Sanat, sınır ihlalidir. Arzuyu düzenleyen yasayı askıya almak, onun çizdiği rotaların dışına çıkmaktır. Sanat yapıtı, arzuya “gel beraber oyun oynayalım” diyen, baştan çıkarıcı bir çağrıdır. Fakat mitolojideki Sirenler gibi cezbettiklerini kaosun kucağında yok oluşa sürüklemez. Onları düzensizliğin eşiğine kadar getirir getirmesine ama yine de oyun arkadaşlarının yönlerini yitirip bilinçlerini kaybetmesine izin vermez. Nihayetinde yasanın yokluğu ve sınırların kaldırılması tek başına özgürlüğü mümkün kılmaz. Çocukluk da herhangi bir yasanın yokluğunda katışıksız bir özgürlük çağı değildir. Öznenin henüz dağınık bir halde olduğu, her yandan gelen çağrılar arasında yitip gittiği bir evredir. Özgürlük ancak yasaya tabi oluşla mümkündür. Çocuk, sınırlarını belirleyip onu bir arada tutan ve dünya ile alışverişini mümkün kılan “dil”e girişiyle, yasaya tabi olarak bilince kavuşur. Özgürlüğü mümkün kılan ise yasanın yokluğu değil; yapısıdır. Sanat, yasayı ortadan kaldırmaktan ibaret değildir. Böyle kısıtlı bir tanıma dayanarak atılacak her adım çocukluğun kaotik dönemine geri dönüşle nihayete erecektir. Sanat; varlıklar arasında paylaşılan, müşterek dünyaya aşkın, mutlak olduğunu iddia eden yasayı, aklın diliyle konuşan otoriter babanın yasasını ve onun çizdiği sınırları ortadan kaldırır ama kendi yasasını ve sınırlarını kendi üreten içkin bir düzen kurmanın ihtimallerini araştırır. Sanat yapıtının yasal alanı saf akılda kök salmaz. Aksine yapıtla karşılaşan bireyin akıl komutasında tesis edilen birliği sarsılır, mutlak bildikleri müphemleşir ve üzerine bina edildiği zemin kayganlaşır. Yine de sanatın çağrısına kulak vermenin sonu illaki kaosa varmaz. Bu karşılaşma düzensizlik içinde, her biri birbirinden farklı olan aktörlerin ilişkisinde yasanın zuhur ettiği bir düzen yaratmanın imkânlarını sunar. Sanatın alanında açığa çıkan kaotik düzen çağrısı karşısında her şeyi aklîleştiren, bölünmez, hikmeti kendinden menkul birey kaygı girdabına kapılarak kendini kusmaya mahkumdur. Bireyin yerine kendini öteki aktörlerle ilişki içinde bilen tekillikler geçtiğinde kaos, artık ilk göründüğü kadar dehşet verici olmaktan çıkar. Tekillikler arasındaki ilişki genel geçer olduğunu iddia eden otoriter yasanın yerini alır. Bilinç ilişkisel olarak kaosun yamacında özgürce belirir.

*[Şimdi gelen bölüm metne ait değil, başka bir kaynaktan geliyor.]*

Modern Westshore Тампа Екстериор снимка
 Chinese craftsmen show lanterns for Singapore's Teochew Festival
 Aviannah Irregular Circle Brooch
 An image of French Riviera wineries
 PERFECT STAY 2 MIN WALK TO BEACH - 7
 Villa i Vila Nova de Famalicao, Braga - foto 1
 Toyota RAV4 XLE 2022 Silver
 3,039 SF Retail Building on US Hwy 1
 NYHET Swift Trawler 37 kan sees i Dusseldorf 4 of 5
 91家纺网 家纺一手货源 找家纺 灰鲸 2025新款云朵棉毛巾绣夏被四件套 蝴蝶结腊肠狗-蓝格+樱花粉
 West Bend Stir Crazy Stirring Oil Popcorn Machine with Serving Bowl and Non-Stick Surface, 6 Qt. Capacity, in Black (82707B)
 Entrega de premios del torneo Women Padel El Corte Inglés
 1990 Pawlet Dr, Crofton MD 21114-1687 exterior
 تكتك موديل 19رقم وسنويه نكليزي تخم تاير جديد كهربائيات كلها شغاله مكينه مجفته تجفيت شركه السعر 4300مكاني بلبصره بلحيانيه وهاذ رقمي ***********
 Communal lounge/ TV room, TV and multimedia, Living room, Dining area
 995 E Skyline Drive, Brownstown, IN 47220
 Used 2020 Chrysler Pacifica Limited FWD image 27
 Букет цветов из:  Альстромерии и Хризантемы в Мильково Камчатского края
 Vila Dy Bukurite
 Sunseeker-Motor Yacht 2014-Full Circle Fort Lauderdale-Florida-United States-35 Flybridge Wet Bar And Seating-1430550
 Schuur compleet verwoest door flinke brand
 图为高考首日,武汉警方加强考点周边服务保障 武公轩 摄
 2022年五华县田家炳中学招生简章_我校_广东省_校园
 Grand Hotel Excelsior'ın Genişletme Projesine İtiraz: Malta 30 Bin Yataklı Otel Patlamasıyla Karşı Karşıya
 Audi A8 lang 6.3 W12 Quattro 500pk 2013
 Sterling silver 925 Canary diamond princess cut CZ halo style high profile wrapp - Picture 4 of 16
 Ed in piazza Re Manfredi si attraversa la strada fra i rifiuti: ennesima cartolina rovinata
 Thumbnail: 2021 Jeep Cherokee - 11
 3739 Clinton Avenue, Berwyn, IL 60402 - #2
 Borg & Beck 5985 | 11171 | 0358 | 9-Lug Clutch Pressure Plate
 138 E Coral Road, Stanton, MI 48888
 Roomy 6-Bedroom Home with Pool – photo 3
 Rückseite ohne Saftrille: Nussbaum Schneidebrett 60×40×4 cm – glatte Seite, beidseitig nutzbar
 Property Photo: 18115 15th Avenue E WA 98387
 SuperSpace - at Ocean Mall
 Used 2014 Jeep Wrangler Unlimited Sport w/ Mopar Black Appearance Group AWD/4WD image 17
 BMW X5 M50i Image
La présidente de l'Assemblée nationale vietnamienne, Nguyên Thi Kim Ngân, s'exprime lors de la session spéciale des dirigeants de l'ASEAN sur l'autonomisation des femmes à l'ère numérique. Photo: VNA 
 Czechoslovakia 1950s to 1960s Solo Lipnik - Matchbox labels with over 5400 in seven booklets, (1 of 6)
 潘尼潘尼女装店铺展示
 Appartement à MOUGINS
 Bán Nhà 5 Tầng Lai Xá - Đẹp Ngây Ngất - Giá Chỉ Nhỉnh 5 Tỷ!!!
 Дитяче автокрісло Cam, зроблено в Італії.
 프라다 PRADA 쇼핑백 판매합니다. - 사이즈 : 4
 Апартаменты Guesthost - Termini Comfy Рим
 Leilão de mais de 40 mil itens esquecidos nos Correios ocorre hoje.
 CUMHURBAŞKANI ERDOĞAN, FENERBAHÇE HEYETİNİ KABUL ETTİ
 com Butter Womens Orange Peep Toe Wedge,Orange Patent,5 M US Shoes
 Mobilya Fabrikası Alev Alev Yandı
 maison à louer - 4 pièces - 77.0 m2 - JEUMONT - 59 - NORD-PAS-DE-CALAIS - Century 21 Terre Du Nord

Çoklu ilişkiler üzerine kurulu hiyerarşik olmayan bir ağ içinde aktörlük sadece insanlara özgü değildir. Organik ya da inorganik tüm tekillikler içlerinde bir hareket etme kudreti barındırır ve de sanat yapıtı bu kudretin kuvveden fiile çıkmasıdır. Aklın mutlak yasasının hükümranlığı altında potansiyeli bastırılan şeyleşmiş varlıklar sanatın yasayı ilga etmesiyle beraber hareket etme ve ettirme yetilerini tekrardan kazanabilecekleri bir aralık bulurlar. Bakan-bakılan, aktif-pasif gibi dikey ikilikler üzerine kurulu yerleşik yasal düzeneğinin yerini karşılıklı olarak etkileşen ve bilinçlerini bu çoğul ilişkilerde bulan aktörler alır. Sanat yapıtı şeylerin de aktör olduklarının hatırlanmasıdır. Bundan mütevellit aktörler, karşılaşmalar ve yasalar sınırsızdır. Her karşılaşma kendi yasasını üretir.
Çocukluk, romantik bir hayal olarak, her zaman da despot bir yasanın pençesine düşmüş mutsuz bireyler tarafından kurulur. Yetişkin elini kolunu nereye uzatması gerektiğini bilen kimse olmasa da yasa arzuyu dağılmaktan korusa da sanat mümkün olan tek yasanın yukarıdan bir yerlerden buyuran aklın yasası olmadığının kanıtıdır. Bu buyurgan despottan kurtulmak için de çocukluğa dönmektense sanata şans vermek evla. Özgürlük ilişkilerin açtığı aralıkta belirir, sanat ise ilişkinin en yalın hallerinden biridir.